4よこしまで神に背いた時代の者たちはしるしを欲しがるが、ヨナのしるしのほかには、しるしは与えられない。」そして、イエスは彼らを後に残して立ち去られた。
(1〜4節)マタイによる福音書 16章1節~12節
ファリサイ派とサドカイ派は、律法の実践の仕方が違ったことから、基本的には仲が悪かったはずでした。ところが、ここでは両者がまるで一つのグループかのように、結託してイエス様の前に立ちはだかります。本来は仲が悪かったのに、イエス様を共通の敵とみなすことで一致して、この後、イエス様を十字架による処刑へと追い込んでいきます。

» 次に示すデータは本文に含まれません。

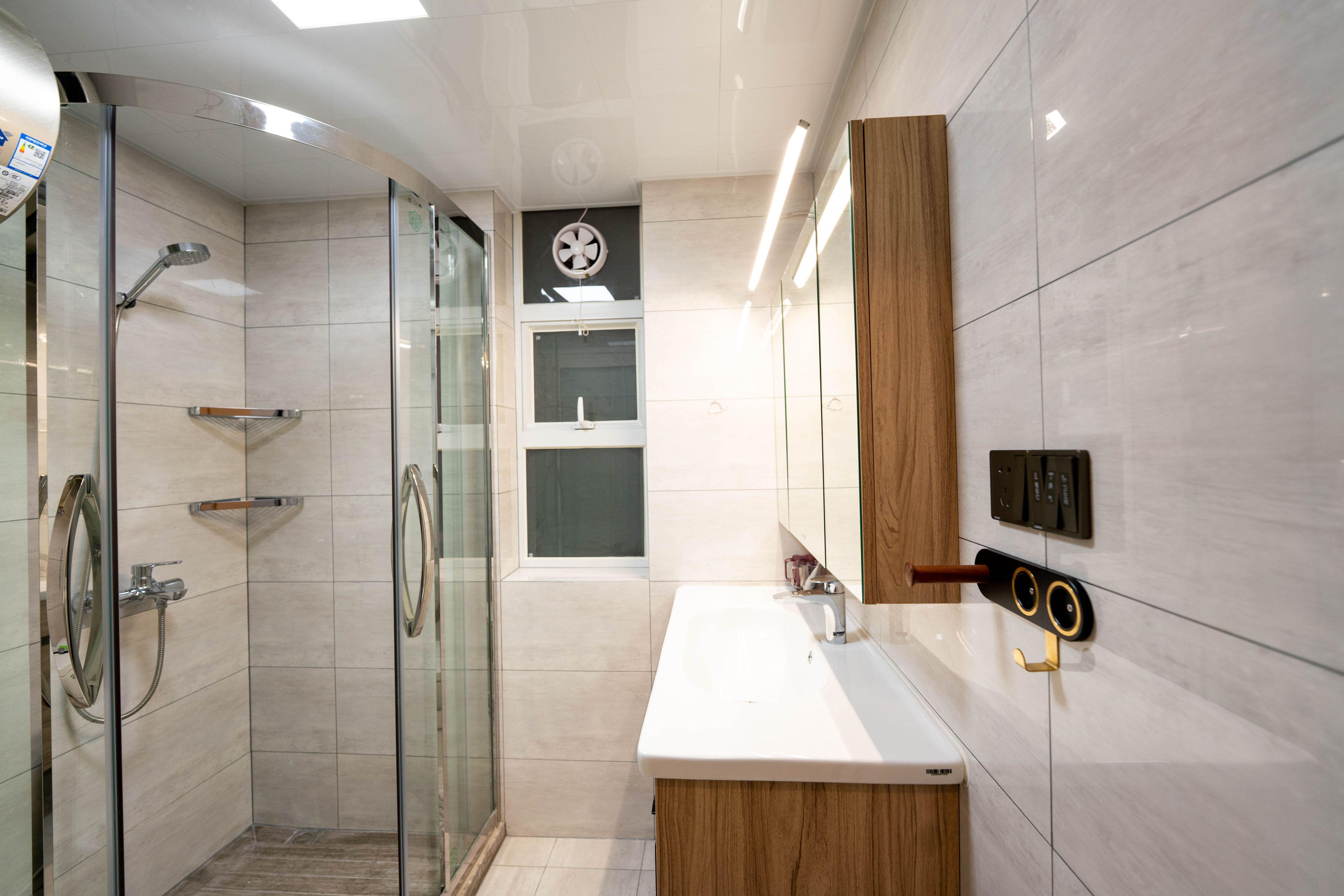 90平二手房翻新效果图大全,120平米三室两厅老房翻新预算3万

ファリサイ派とサドカイ派の人々は、イエス様を試そうとして「天からのしるしを見せてほしい」と要求しました。「天からのしるしを見せてほしい」という要求とは、別の言葉に置き換えるなら「証拠を見せてほしい」ということです。何の証拠かと言うと、イエス様を神の御子・救い主メシアと信じるための証拠です。本当に「このイエス」が神の御子・救い主であることを文句なしに認めることができるような、客観的に、そうとしか言いようがないような根拠がほしい、あるいは「そう思えるような天からの奇跡を見せてくれ」と言うのです。イエス様が語る教えを聞いても、病の癒しといった力ある御業を見ても、そこに救い主メシアの到来を見ることができなかったからです。

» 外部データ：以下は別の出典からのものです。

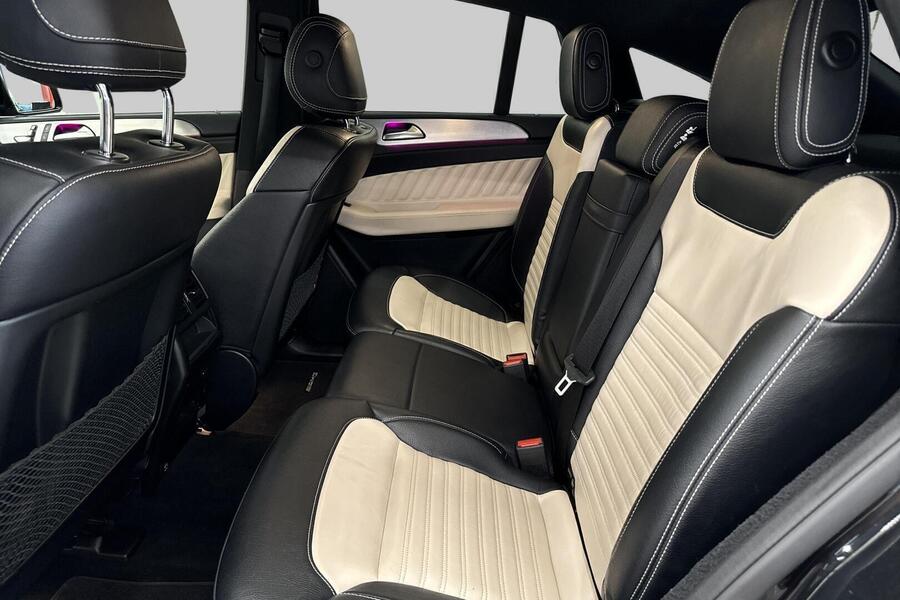 Mercedes-Benz GLE vaihtoauto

イエス様はただひとつ、「ヨナのしるし」を示しておられます。「あなたが見分けるべきしるしはこれだ!」と言っておられるのです。「ヨナのしるし」とは、イエス・キリストの十字架と復活のことです。「預言者ヨナが魚の腹の中で三日三晩いて、絶対に死んだと思われたのにそこから復活した」という、ヨナ書の出来事が背景にあります。同じようにイエス様は十字架で死なれ、三日目に死者の中から甦られました。イエス様を信じるにあたって、これにまさる奇跡・これにまさる証拠はありません。イエス・キリストの十字架と復活こそ、私たちが信じるために必要で十分な「天からのしるし」なのです。
イエス様を「試そう」という態度は、荒れ野でのサタンの誘惑を思い起こさせます(4章)。そこでサタンは、イエス様が本当に神の子であるなら、その証拠を見せろと言わんばかりに、次々と誘惑します。「お前が神の子なら、石をパンに変えてみろ」などと言って、目に見える証拠を求めたのです。

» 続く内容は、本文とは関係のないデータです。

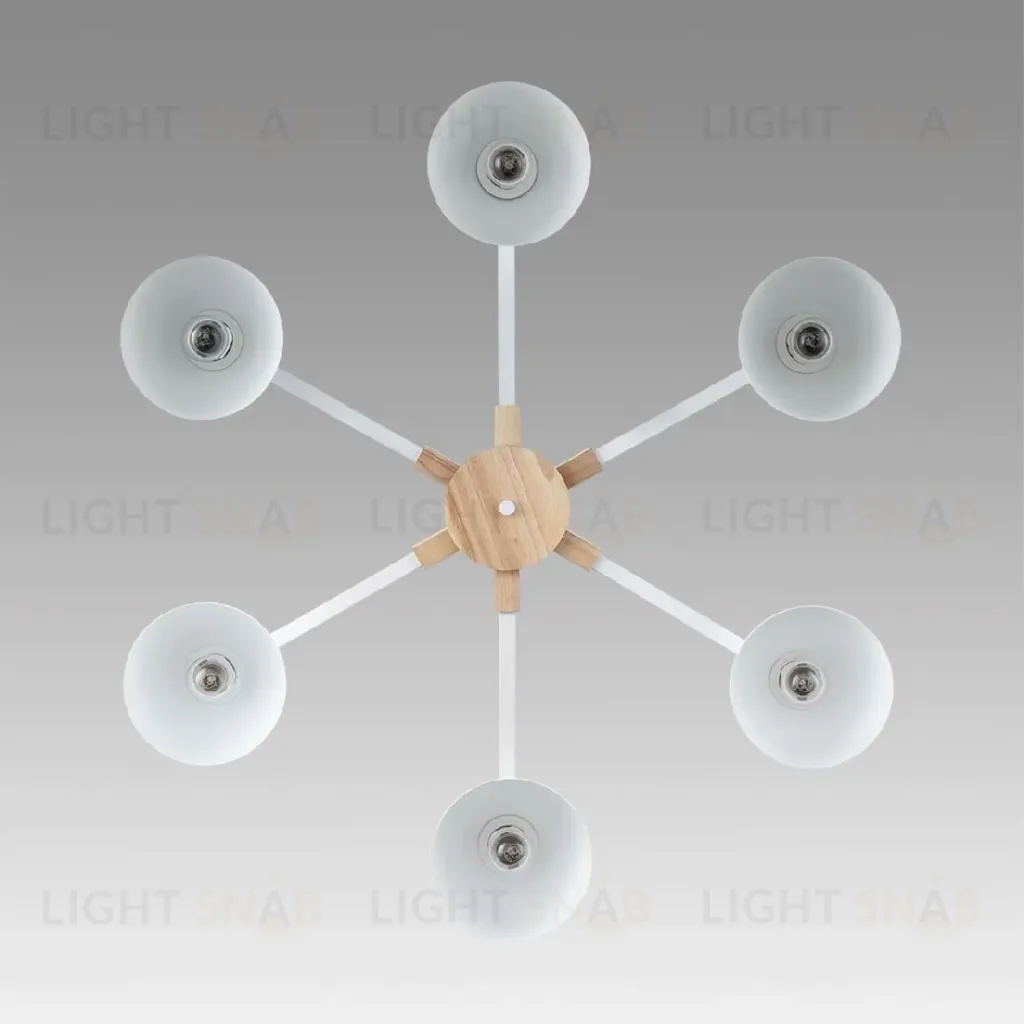 Люстра на штанге Lumion Colange 8095/6C 8095/6C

今日の「天からのしるし」を求めるファリサイ派とサドカイ派の言葉は、まさにこのサタンの誘惑と同じことを言っています。サタンの誘惑にせよ、今回の「天からのしるしを見せてほしい」との要求にせよ、これらは「神様を試す」以外に何の目的もないことです。そうやって必要のない奇跡を求めて、神様の真実を試そうとすることが、問題の本質ではないかと思います。
私たちが神を、独り子イエス・キリストを信じるのは、このような目に見える「しるし」によるのではありません。私たちが、神様に「奇跡を見せろ」と命令して信じるのではなく、神様から命じられて信仰の旅路を歩み始めるのです。目に見えるしるしではなく、神様の御言葉と、聖霊の内側からの促しによって信じるのです。ここに、私たちの信仰の根拠があります。